START Supplied entries
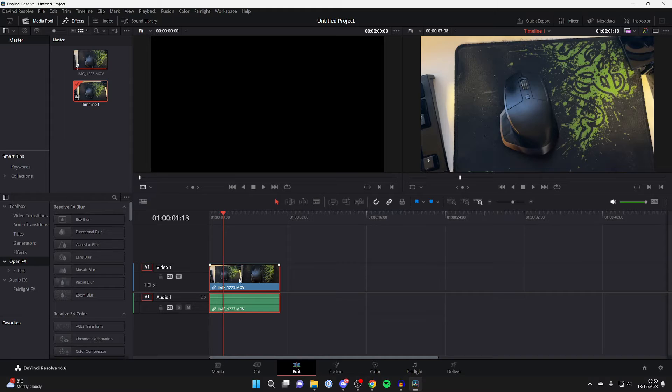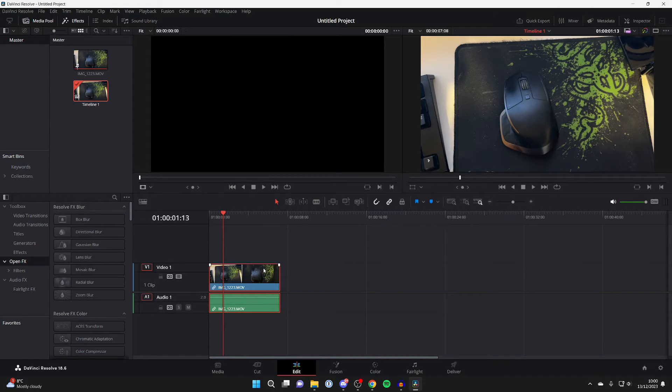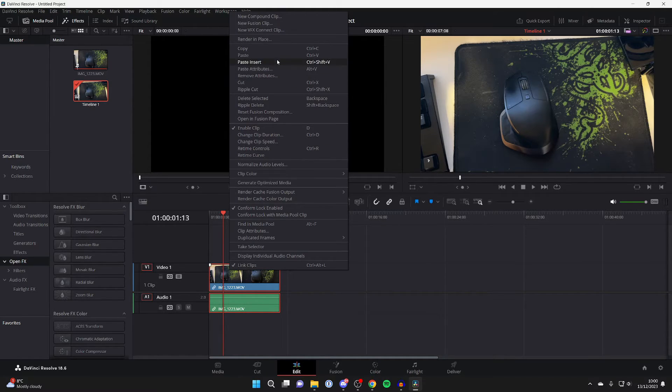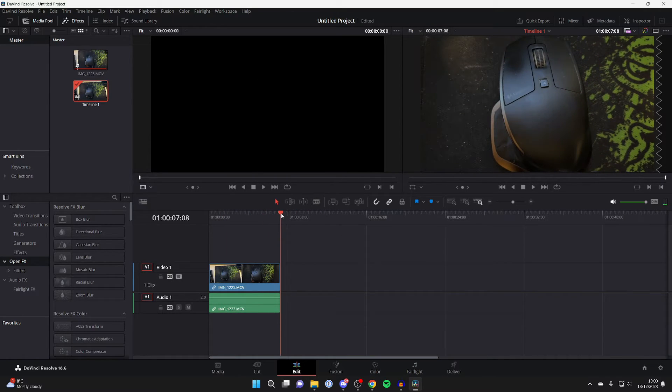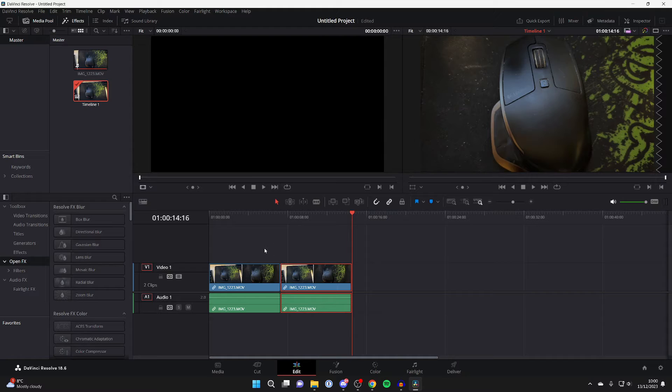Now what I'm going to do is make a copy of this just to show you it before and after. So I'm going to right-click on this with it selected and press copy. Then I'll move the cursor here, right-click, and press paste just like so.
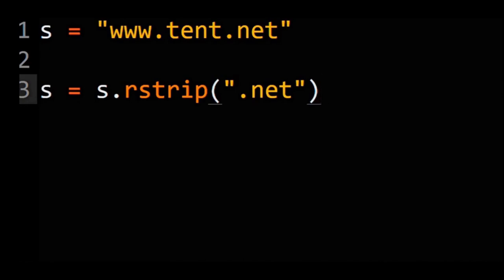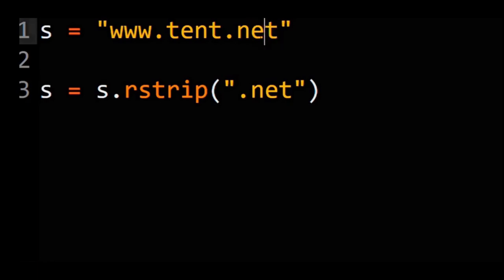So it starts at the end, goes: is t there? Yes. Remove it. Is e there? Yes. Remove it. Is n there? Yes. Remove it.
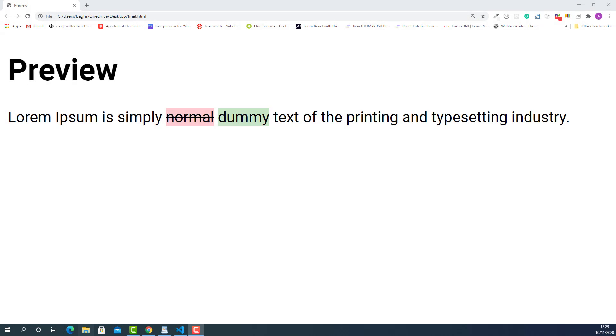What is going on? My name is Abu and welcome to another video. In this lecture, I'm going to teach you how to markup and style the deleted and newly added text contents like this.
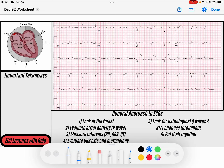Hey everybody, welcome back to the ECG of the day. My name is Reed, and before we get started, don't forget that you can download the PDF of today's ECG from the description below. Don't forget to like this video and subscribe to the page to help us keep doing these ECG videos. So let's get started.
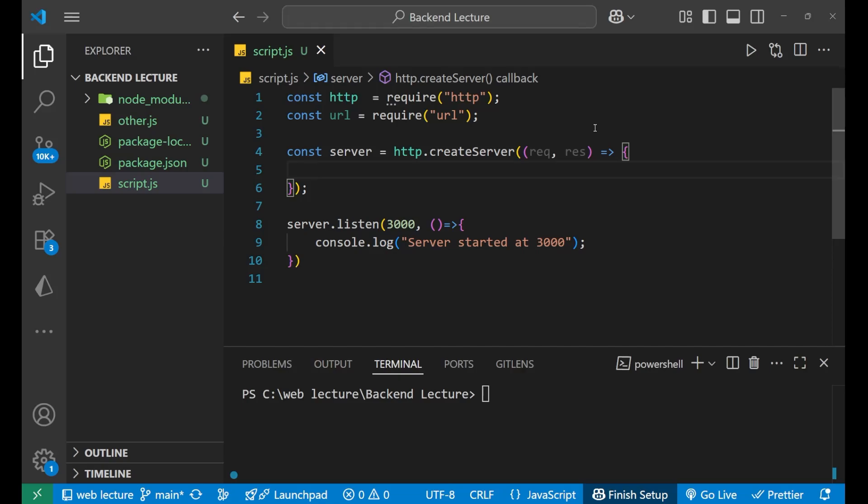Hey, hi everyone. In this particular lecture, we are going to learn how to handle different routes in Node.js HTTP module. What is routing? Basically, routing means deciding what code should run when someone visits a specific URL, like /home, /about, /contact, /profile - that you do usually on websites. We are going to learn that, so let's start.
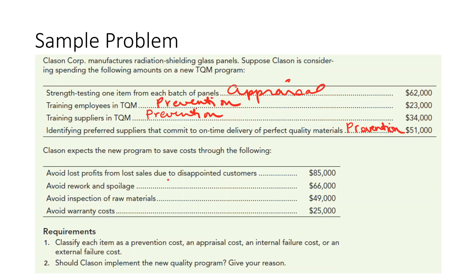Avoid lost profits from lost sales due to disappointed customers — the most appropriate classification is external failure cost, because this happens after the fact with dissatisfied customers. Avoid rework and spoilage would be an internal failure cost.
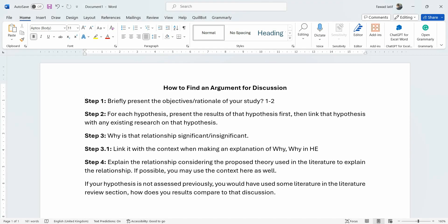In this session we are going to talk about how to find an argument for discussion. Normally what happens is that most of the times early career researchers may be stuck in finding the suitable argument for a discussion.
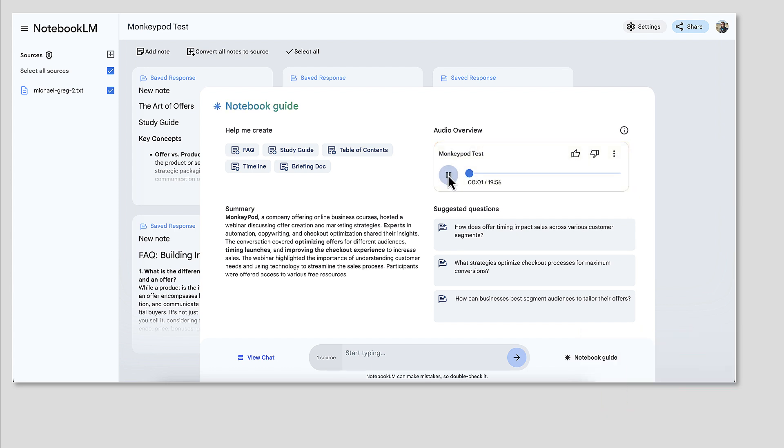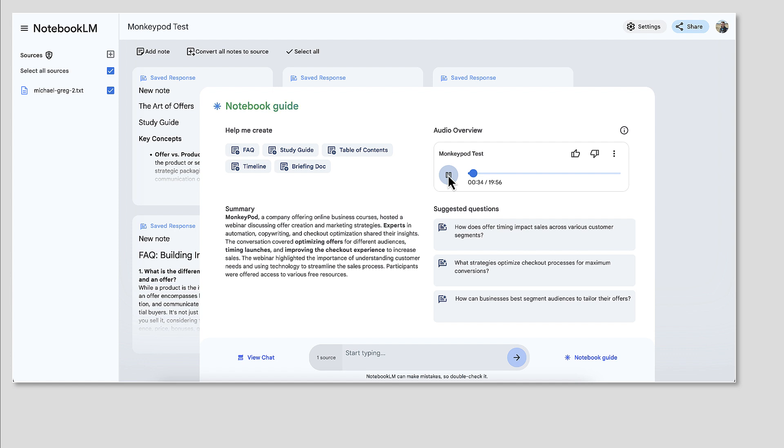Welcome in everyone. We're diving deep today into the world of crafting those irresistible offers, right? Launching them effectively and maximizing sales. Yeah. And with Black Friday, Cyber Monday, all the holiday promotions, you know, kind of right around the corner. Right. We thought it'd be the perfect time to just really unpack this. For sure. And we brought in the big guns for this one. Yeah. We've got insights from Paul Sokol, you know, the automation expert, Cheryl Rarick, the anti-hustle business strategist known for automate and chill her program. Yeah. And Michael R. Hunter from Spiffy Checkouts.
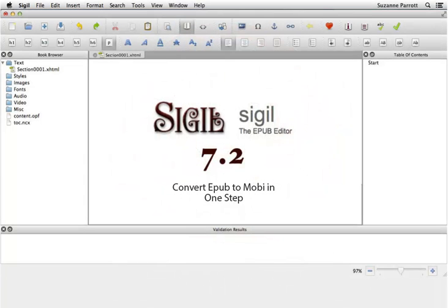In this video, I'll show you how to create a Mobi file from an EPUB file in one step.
END Supplied entries
START Supplied entries
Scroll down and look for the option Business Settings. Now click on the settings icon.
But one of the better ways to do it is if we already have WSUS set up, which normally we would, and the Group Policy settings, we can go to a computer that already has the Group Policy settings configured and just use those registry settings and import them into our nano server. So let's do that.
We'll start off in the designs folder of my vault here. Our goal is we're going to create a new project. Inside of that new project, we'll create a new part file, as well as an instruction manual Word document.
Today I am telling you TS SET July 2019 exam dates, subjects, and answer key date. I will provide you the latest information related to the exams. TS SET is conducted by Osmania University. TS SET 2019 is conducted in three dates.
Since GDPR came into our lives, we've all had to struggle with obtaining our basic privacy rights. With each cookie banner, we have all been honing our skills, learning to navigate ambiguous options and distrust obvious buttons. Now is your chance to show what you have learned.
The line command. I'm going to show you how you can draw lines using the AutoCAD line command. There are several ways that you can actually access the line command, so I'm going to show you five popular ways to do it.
END Supplied entries
**Exercise instructions**
No picture is to be printed. Output exactly the lines above from the line containing "Hey everybody, welcome" through the line containing "In this session".

**Task result**
Hey everybody, welcome back to the ECG of the day. My name is Reed, and before we get started, don't forget that you can download the PDF of today's ECG from the description below. Don't forget to like this video and subscribe to the page to help us keep doing these ECG videos. So let's get started.
Hey, hi everyone. In this particular lecture, we are going to learn how to handle different routes in Node.js HTTP module. What is routing? Basically, routing means deciding what code should run when someone visits a specific URL, like /home, /about, /contact, /profile - that you do usually on websites. We are going to learn that, so let's start.
Avoid lost profits from lost sales due to disappointed customers — the most appropriate classification is external failure cost, because this happens after the fact with dissatisfied customers. Avoid rework and spoilage would be an internal failure cost.
In this session we are going to talk about how to find an argument for discussion. Normally what happens is that most of the times early career researchers may be stuck in finding the suitable argument for a discussion.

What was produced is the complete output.